▸ INSTRUCTIONS TO FOLLOW: Retype the listing exactly, with no images.

▸ SOURCE MATERIAL:
= Beginning of Section =
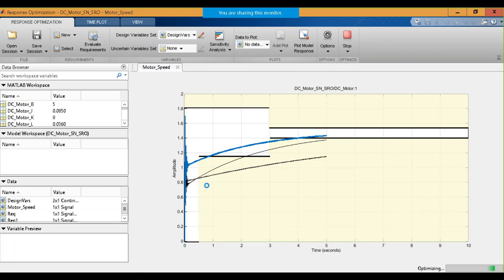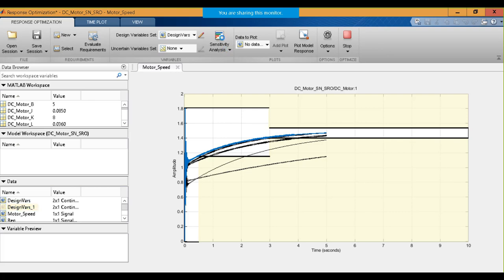We are getting better and better performance and soon we will get the results that we specified. We also have sensitivity analysis — if we are not sure which parameter of the controller is the most influential, we can run sensitivity analysis on that as well. We are done with the tuning; we got the new parameters, we are satisfied with them, and we can use them.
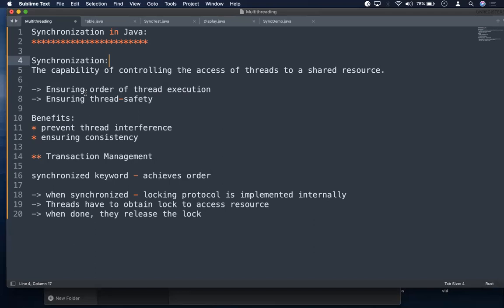In Java we have a keyword - out of the 12 modifiers, one modifier is called synchronized. The synchronized keyword is used to achieve order. Whenever the synchronized keyword is used, internally it implements a locking protocol. Whenever you want to access the shared resource, you have to obtain the lock and act on it, while all other threads wait for the lock to be released. The lock gets released only when the task is done, then another thread obtains the lock. In Java you just use the synchronized keyword and all this is handled internally.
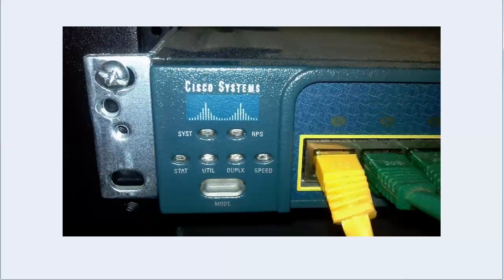Now for system and RPS they have meanings unto themselves. We're going to go over that in a minute because there is some memorization involved here of what the different lights mean. But as you toggle through status and duplex and speed, the lights on the individual ports are going to change as well. And we need to know what those mean.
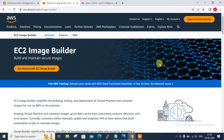Hi guys, welcome to Lungsai YouTube channel. My name is Rameshai and I am your online instructor. In this video I will tell you how to work with AWS EC2 Image Builder service, which is a very important and very useful service.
= End of Section =
▸ RESULT OF THIS TASK:
We are getting better and better performance and soon we will get the results that we specified. We also have sensitivity analysis — if we are not sure which parameter of the controller is the most influential, we can run sensitivity analysis on that as well. We are done with the tuning; we got the new parameters, we are satisfied with them, and we can use them.
In Java we have a keyword - out of the 12 modifiers, one modifier is called synchronized. The synchronized keyword is used to achieve order. Whenever the synchronized keyword is used, internally it implements a locking protocol. Whenever you want to access the shared resource, you have to obtain the lock and act on it, while all other threads wait for the lock to be released. The lock gets released only when the task is done, then another thread obtains the lock. In Java you just use the synchronized keyword and all this is handled internally.
Now for system and RPS they have meanings unto themselves. We're going to go over that in a minute because there is some memorization involved here of what the different lights mean. But as you toggle through status and duplex and speed, the lights on the individual ports are going to change as well. And we need to know what those mean.
Hi guys, welcome to Lungsai YouTube channel. My name is Rameshai and I am your online instructor. In this video I will tell you how to work with AWS EC2 Image Builder service, which is a very important and very useful service.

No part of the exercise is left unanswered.